Thank you for the info! noted.


----------



## chaz517 (Aug 5, 2012)

lol no drama come on now. what is the difference between screen printing and using a heat press? i thought u recommended me to get a heat press? maybe because im new to this? ordered a heat press, epson 545 and teflon sheet. also bought about 20 transfers. just need the cutter and some t shirts now haha


----------



## chaz517 (Aug 5, 2012)

also, since im starting with just white tees do i still need a cutter? thanks


----------



## arthurkay (Aug 3, 2012)

I didn't recommend a heat press you asked what you needed to heat press transfers. Right? But a heat press is good to start off with that's how I started screen printing requires a little more skill money and time but your shirts will be high quality but I screen printing press could be something you can work towards because they are more expensive and yes the clear film from the transfers is still going to show on white shirts the only reason you wouldn't need a cutter is if your design covers the entire transfer sheet

Sent from my DROIDX using T-Shirt Forums


----------



## chaz517 (Aug 5, 2012)

arthurkay said:


> I didn't recommend a heat press you asked what you needed to heat press transfers. Right? But a heat press is good to start off with that's how I started screen printing requires a little more skill money and time but your shirts will be high quality but I screen printing press could be something you can work towards because they are more expensive and yes the clear film from the transfers is still going to show on white shirts the only reason you wouldn't need a cutter is if your design covers the entire transfer sheet
> 
> Sent from my DROIDX using T-Shirt Forums


Correct. My apologies. Hoping the quality is still good using a heat press . So much to learn still lol. Thanks again


----------



## royster13 (Aug 14, 2007)

The discussion of heat transfers always gets blurry because of the various kinds of heat transfers....If you are printing them yourself most often they will be ink jet transfers....Either you like ink jet transfers or you do not.....And for me, I am in the "do not like them" camp......I do not think they have any place in a business to business selling situation because in my mind they are not of an acceptable quality.....


----------



## chaz517 (Aug 5, 2012)

royster13 said:


> The discussion of heat transfers always gets blurry because of the various kinds of heat transfers....If you are printing them yourself most often they will be ink jet transfers....Either you like ink jet transfers or you do not.....And for me, I am in the "do not like them" camp......I do not think they have any place in a business to business selling situation because in my mind they are not of an acceptable quality.....

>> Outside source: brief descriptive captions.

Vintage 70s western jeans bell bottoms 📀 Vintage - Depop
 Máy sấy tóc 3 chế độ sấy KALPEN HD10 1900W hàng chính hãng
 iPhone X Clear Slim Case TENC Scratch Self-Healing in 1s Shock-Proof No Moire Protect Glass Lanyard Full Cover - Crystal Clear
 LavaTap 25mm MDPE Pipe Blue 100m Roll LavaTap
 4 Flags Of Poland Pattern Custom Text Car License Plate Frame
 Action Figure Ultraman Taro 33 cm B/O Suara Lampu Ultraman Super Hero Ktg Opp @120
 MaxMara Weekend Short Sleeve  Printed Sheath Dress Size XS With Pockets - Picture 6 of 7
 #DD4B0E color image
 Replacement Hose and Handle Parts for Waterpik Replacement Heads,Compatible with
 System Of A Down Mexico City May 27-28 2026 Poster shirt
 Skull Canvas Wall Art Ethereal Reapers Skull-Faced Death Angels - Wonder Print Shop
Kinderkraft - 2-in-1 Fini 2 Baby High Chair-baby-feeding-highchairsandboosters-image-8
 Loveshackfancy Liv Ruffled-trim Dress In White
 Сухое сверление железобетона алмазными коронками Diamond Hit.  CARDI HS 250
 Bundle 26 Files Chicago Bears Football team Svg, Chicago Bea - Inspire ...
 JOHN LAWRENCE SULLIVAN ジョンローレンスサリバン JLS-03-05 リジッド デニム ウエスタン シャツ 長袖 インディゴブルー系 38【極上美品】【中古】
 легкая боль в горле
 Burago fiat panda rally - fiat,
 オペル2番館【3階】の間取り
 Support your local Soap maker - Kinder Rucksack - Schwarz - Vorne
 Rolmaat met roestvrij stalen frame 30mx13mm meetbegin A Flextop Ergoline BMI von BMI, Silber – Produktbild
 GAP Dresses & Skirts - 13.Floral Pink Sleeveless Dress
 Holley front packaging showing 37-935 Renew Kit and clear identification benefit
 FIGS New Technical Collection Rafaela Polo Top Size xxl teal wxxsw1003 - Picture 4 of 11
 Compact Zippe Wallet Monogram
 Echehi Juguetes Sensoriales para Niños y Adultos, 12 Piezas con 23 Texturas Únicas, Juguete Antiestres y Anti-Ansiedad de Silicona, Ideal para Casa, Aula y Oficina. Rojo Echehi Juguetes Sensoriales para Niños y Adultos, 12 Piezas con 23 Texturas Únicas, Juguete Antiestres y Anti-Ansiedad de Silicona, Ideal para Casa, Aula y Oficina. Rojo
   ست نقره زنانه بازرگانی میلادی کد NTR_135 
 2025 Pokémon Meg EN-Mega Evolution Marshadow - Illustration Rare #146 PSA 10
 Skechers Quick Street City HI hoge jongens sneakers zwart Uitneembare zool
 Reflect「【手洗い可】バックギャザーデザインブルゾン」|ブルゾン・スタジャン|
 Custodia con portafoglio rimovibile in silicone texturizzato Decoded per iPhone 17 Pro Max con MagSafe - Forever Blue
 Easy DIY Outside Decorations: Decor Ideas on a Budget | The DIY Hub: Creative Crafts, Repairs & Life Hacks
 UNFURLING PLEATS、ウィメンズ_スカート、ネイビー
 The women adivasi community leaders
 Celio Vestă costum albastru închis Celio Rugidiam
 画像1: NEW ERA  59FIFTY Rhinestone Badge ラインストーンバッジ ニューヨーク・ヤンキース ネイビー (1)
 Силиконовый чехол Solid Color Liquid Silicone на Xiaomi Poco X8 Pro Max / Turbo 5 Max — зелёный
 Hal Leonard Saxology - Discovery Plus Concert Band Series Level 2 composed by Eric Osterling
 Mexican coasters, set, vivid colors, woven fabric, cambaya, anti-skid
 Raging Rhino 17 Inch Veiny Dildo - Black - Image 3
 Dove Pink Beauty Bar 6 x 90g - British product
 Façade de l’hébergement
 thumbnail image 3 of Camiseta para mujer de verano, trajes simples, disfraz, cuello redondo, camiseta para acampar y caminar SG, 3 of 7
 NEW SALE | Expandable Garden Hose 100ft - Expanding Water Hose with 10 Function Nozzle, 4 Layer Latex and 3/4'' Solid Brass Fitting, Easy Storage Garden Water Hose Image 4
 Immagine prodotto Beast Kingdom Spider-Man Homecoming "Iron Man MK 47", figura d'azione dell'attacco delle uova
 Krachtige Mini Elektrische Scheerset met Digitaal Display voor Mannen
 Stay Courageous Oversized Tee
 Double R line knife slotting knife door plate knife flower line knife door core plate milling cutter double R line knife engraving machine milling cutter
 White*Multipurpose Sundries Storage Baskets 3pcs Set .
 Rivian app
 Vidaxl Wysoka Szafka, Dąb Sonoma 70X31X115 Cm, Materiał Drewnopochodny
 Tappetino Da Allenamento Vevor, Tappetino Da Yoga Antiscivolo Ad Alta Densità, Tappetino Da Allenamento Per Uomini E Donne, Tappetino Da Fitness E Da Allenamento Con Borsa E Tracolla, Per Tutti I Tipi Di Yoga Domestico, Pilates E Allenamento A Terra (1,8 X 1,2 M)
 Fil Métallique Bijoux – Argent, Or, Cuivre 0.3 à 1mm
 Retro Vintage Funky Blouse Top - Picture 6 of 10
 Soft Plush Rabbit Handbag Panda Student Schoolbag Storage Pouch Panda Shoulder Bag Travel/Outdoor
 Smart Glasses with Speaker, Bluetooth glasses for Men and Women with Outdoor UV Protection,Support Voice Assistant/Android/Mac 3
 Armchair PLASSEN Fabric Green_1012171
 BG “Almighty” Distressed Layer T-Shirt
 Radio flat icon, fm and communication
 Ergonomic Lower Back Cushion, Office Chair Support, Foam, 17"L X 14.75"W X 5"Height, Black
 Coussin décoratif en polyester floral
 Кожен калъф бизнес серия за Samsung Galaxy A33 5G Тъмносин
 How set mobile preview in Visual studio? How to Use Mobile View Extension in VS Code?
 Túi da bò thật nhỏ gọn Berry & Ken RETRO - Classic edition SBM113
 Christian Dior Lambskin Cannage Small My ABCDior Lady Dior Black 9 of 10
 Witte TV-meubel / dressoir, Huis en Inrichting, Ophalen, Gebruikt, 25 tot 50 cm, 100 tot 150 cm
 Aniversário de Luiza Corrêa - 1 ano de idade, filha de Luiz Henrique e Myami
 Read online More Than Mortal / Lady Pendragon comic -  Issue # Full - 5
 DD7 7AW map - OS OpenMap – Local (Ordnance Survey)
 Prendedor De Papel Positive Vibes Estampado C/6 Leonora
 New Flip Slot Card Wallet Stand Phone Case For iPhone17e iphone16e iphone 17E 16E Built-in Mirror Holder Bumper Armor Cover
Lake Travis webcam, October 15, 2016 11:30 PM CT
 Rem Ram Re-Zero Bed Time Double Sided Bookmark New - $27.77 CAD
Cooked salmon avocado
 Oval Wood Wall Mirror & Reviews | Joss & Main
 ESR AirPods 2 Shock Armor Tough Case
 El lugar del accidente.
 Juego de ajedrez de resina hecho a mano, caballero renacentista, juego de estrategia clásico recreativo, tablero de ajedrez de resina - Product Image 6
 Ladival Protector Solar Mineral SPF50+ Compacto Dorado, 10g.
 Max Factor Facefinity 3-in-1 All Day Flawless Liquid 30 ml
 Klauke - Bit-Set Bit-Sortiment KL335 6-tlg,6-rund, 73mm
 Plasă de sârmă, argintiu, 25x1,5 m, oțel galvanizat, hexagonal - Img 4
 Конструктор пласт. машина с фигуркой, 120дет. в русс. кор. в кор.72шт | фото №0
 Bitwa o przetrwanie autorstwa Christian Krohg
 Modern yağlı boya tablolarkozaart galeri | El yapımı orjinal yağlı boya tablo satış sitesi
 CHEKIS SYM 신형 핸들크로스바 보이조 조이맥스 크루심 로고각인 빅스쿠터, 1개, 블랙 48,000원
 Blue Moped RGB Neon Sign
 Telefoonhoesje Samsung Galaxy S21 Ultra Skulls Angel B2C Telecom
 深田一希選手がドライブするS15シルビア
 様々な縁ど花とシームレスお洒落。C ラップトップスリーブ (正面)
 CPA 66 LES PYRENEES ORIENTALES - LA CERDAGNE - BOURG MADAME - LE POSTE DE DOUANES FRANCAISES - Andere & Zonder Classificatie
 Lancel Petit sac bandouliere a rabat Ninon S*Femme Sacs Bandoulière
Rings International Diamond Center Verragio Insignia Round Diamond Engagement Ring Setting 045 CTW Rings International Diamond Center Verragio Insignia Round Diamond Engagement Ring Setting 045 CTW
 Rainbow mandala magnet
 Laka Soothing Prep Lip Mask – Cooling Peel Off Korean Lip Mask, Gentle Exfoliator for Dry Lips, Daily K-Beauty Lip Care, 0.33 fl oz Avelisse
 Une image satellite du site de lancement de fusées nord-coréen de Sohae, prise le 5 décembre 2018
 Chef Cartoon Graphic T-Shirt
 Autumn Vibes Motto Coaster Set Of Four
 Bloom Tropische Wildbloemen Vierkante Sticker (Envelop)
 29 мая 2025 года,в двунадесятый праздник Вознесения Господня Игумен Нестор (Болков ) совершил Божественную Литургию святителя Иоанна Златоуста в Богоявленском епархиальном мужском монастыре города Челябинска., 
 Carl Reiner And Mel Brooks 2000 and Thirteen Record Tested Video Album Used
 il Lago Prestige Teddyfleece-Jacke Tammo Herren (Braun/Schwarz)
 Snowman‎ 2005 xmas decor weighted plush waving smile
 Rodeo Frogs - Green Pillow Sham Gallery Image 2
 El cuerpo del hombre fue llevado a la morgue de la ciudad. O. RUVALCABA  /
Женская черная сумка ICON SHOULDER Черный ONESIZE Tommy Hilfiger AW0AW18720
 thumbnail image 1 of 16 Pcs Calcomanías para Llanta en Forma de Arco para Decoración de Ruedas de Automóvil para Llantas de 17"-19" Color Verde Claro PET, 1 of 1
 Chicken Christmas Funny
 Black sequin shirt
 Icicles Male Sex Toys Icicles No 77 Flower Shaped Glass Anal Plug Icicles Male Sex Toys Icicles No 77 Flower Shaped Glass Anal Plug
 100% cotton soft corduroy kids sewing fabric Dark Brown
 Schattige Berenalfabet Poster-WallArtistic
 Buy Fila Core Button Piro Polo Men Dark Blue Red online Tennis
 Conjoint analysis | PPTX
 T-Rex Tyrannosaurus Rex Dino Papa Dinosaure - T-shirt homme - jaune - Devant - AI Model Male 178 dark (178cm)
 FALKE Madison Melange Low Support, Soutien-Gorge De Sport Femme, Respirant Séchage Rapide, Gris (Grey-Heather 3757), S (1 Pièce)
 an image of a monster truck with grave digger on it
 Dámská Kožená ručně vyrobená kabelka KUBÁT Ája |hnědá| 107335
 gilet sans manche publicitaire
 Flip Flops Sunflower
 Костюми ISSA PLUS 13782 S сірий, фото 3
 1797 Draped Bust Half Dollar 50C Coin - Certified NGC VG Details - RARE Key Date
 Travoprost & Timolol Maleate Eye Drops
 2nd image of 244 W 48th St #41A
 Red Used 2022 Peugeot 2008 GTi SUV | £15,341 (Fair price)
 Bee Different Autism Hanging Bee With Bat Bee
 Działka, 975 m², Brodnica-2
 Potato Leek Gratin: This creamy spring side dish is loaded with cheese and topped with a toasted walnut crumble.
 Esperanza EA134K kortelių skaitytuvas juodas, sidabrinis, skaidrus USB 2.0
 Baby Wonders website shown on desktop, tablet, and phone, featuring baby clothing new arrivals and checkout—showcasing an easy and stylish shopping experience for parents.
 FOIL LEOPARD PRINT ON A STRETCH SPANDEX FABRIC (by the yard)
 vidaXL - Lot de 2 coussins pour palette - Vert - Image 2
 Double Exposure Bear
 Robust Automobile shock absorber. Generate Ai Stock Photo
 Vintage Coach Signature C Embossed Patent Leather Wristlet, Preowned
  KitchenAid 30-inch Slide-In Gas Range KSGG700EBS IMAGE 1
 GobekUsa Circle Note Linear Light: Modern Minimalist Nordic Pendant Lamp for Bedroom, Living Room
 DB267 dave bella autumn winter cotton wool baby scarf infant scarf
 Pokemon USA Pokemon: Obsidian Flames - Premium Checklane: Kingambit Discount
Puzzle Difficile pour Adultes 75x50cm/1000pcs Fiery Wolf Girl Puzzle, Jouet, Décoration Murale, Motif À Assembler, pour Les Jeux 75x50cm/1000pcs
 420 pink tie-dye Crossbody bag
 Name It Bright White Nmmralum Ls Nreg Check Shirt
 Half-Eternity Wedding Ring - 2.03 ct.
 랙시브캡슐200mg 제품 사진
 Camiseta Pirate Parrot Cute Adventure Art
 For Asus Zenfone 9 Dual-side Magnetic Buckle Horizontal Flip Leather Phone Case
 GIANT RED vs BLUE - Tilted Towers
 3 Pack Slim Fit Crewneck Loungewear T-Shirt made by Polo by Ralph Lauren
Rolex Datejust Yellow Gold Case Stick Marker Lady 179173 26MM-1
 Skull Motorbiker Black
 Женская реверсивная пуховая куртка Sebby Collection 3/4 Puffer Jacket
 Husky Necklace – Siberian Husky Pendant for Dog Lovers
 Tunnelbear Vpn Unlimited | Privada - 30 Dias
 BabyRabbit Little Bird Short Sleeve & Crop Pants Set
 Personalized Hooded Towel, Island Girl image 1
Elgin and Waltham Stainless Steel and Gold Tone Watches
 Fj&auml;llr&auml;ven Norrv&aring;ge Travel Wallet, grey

Thank you for the input. Most of my business will be transfers that I purchase online. Some here n there will be done w inkjet printer. Why is the quality so bad on these? Besides turning short.inside.out.on.first wash and drying.properly after, are there any tips to improve quality? Thank.you


----------



## royster13 (Aug 14, 2007)

If I knew why they are so bad, I would invent a new system, patent it and get rich.....Sorry for the "smart ***" comment but I really have no idea why they are the way they are.....

And as far as washing instructions, they are kind of useless as most folks pay no attention.....All they care about is that when the shirt starts to look bad it is your fault....And I choose not to go down this road.....And if you read through the forums here, you will see many others that pick my side versus the other side....


----------



## chaz517 (Aug 5, 2012)

Lol its all.good thanks for the input . What method.do.most people use then?


----------



## valleyboy_1 (Jan 23, 2010)

Arthur, I think you got it twisted. Plastisol transfers ARE screen printed transfers. The only difference is instead of pressing directly on the garment, you press on release paper to be applied via Heat press. And the heat press is a vital to to any print shop. Try screen printing caps, you'll be investing in a heat press in no time. And Chaz when you get a vinyl cutter, you'll fall in love with what you can do with it. However, the cameo, which is what i'm starting with, only has a 12" cutting width. Most people start with a 24" vinyl cutter if they decide to explore this method of printing. Good luck!


----------